Profiting from genocide
With reports emerging every day about Russian troops seizing or destroying grain and sunflower seed storage facilities in the territories they currently hold in the eastern and southern parts of Ukraine and transporting agricultural machinery stolen from farmers and manufacturers such as John Deere as far as Kursk as CNN reports it is becoming clearer that the bleak days of Stalin have returned for the time being at least. Russia employed similarly brutal strategies in the 1930s, when troops forcibly took food stocks from farmers in Ukraine, which caused millions of people to die. This dark chapter is known as Holodomor or Great Famine in Ukraine and is nothing less than genocide. Ukraine’s Ministry of Defence estimates that 400,000 mt of grain have been stolen so far.
To make matters worse the prices for grain are highly attractive in the global market. Wheat quotations, for instance, range as high as USD 400/mt and Russia is reaping the profits. According to Oleg Nivievskyi from the Kyiv School of Economics, several countries in the Middle East are happily buying Russian wheat at a 20% discount and do not care if they are actually being supplied with Ukrainian wheat as CNN reports. Problem is that wheat is difficult to trace. Egypt’s General Authority For Supply Commodities (GASC) also rejected a Russian shipment over 27,000 mt of wheat, which originated in Southern Ukraine, on 30 April. Unfortunately, the ship then took course towards Syria and Lebanon. Ukrainian diplomats are calling for such shipments to be seized.
Glimmers of hope
Nevertheless, there are glimmers of hope as Germany, Poland and the Czech Republic together with Slovakia, Romania and other European countrieshave agreed to align their rail networks to help ship grain and oilseeds from Ukraine that would normally have been exported by sea. While some grain is indeed being transported from Ukraine via Romania by rail, the problem remains that the different railway networks have different track gauges. The Danube River, which flows through Central and Southeastern Europe, provides another alternative route. Shippers in the small ports of the river, however, seized the opportunity to raise their prices, which has prompted Ukrainian authorities to threaten price regulations. According to the information and analytical agency APK-Inform Ukraine shipped 768,486 mt of corn, 127,130 mt of wheat and 151,529 mt of sunflower oil in April. Although this is a far cry from the 2.8 million mt of grain shipped in April 2021, it is still better than nothing.

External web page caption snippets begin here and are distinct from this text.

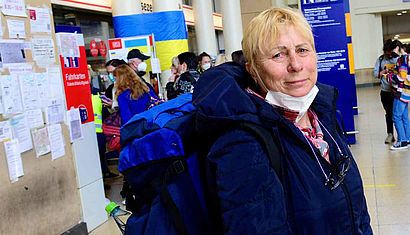 Eine Frau mit einem Rucksack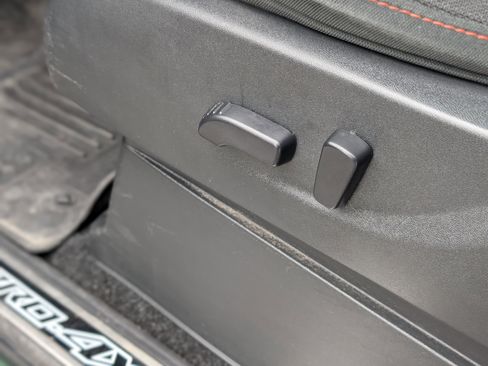 Used 2023 Nissan Frontier PRO-4X w/ Pro Convenience Package image 36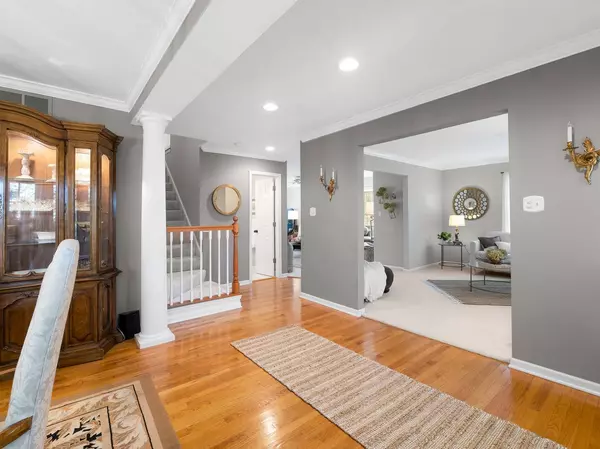 303 Kainer AVE, Barrington, IL 60010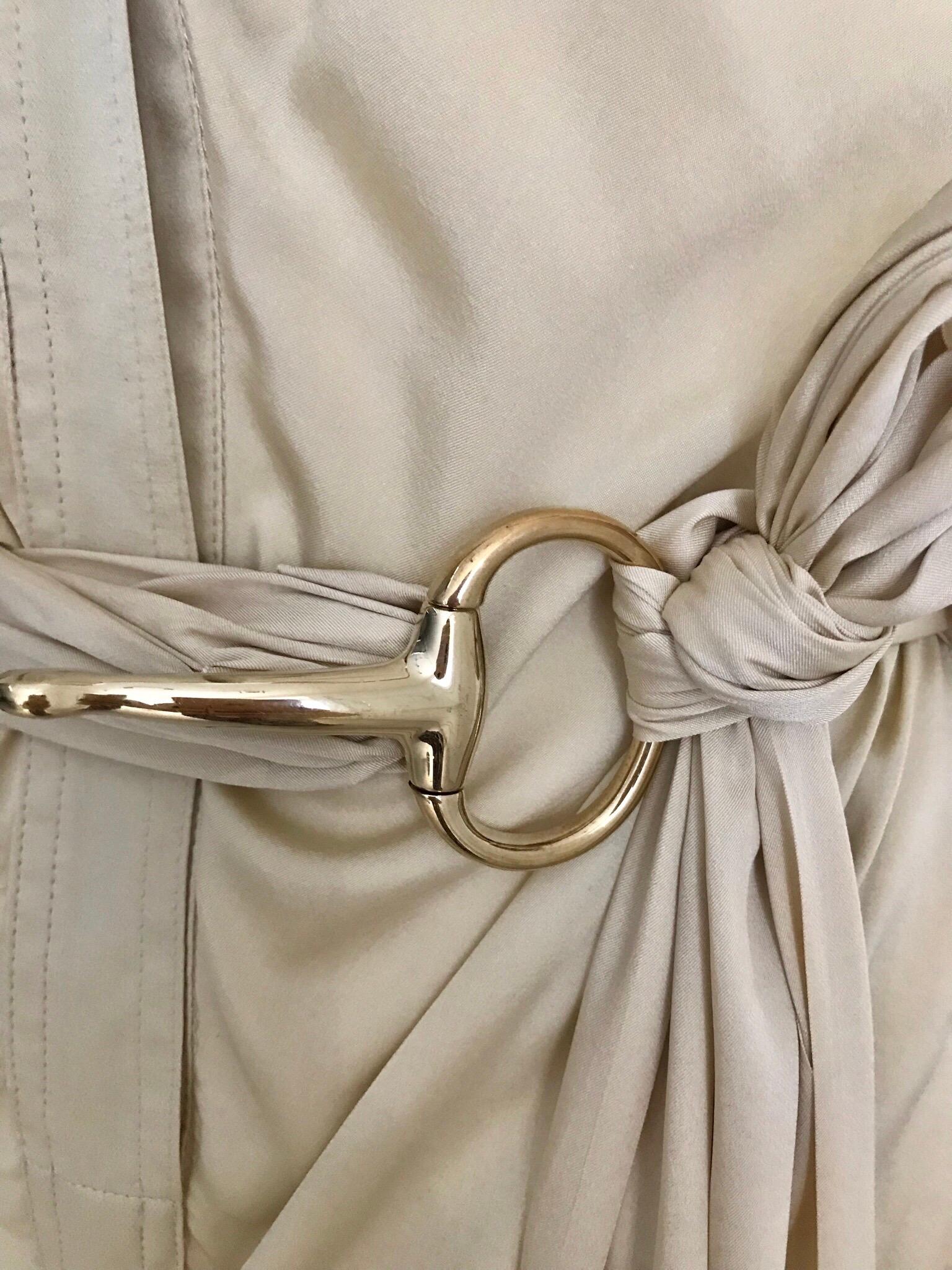 Beige Gucci  Tom Ford par Tom Ford - Robe chemise en soie brun clair  en vente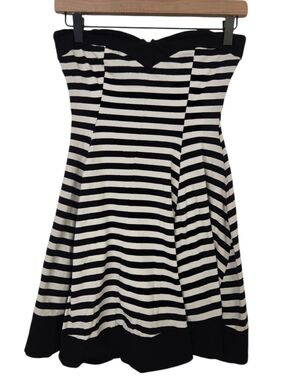 🖤 Y2K Hot Topic Black & White Stripe Strapless Dress Size Small 🖤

Traders also report good progress for sunflower seeds as the EU imported as much as 20,000 mt from Ukraine last week. As fuel is starting to run low it is, however, unclear at present in how far these volumes can be maintained. Since the Russian invasion slowed down exports many suppliers in Ukraine are now forced to sell quickly to make space for the new crop. Farmers in Ukraine have so far sown an area of 1.369 million ha with sunflower seeds and sowing is 21% complete.
Buyers desperately try to brace for new sanctions
Although the measures underway to maintain grain and oilseed exports from Ukraine display a high degree of creativity and resilience, Europe’s agrifood and feed market is already feeling the sting of the EU sanctions imposed on Russia. Companies requiring flaxseed are, for instance, scrambling to secure supplies before new sanctions hit. The EU already banned all vehicles from Russia and Belarus from travelling within the bloc in April, with exceptions for agricultural supplies inplace. The, nevertheless, hit the industry hard as flaxseed from Russia and Kazakhstan is frequently transported by road via Poland to the EU. In addition, the European Commission has now proposed phasing out all Russian oil imports within the next 6-12 months in its sixth round of sanctions against Moscow. Intention is not only to ban direct imports of Russian oil but also any involvements with the Russian oil industry. The member states, however, still need to agree.

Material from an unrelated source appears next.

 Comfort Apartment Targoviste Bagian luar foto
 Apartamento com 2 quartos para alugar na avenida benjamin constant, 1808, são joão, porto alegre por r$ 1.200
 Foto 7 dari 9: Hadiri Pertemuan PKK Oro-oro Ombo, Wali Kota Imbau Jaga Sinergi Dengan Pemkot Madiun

Although analysts state that the EU economy will be able to shrug off the impact of such a far-reaching ban, which can effectively block Russia from the international oil market, things are different for agricultural commodities. Issue is that such a move may very well send diesel prices skyrocketing and the EU imports about half of its diesel from Russia as analyst David Wech from the consultancy firm Vortexa recently pointed out. As feed costs have exploded and the prices for fuel, energy and fertilisers have gone through the roof transportation and production costs have skyrocketed, which is already leaving importers and farmers to struggle in the EU. The European Milk Board, for instance, recently highlighted that although the prices for milk have risen this by no means compensates for the rise in production costs. This not only means that many dairy farmers within the EU will have to give up very soon but also that food production will be impacted.

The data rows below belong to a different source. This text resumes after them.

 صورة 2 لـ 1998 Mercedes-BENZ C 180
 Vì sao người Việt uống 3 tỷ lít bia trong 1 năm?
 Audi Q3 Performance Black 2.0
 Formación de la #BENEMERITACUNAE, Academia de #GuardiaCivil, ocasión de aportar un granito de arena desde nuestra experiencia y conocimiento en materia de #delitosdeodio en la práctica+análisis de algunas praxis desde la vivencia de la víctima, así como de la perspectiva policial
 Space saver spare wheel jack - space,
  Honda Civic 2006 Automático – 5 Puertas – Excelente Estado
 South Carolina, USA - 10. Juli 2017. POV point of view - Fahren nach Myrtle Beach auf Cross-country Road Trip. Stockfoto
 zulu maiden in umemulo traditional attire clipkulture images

The EU can no longer afford to sponsor Moscow’s military and an embargo on Russian oil is certainly another long overdue step in the right direction. Problem, however, is that while any concerns for the economy have been carefully weighed up and can be alleviated, this is not the case for producers, suppliers and buyers in the agri-food and feed market. The new sanctions will instead provide a further test for the resilience of the market.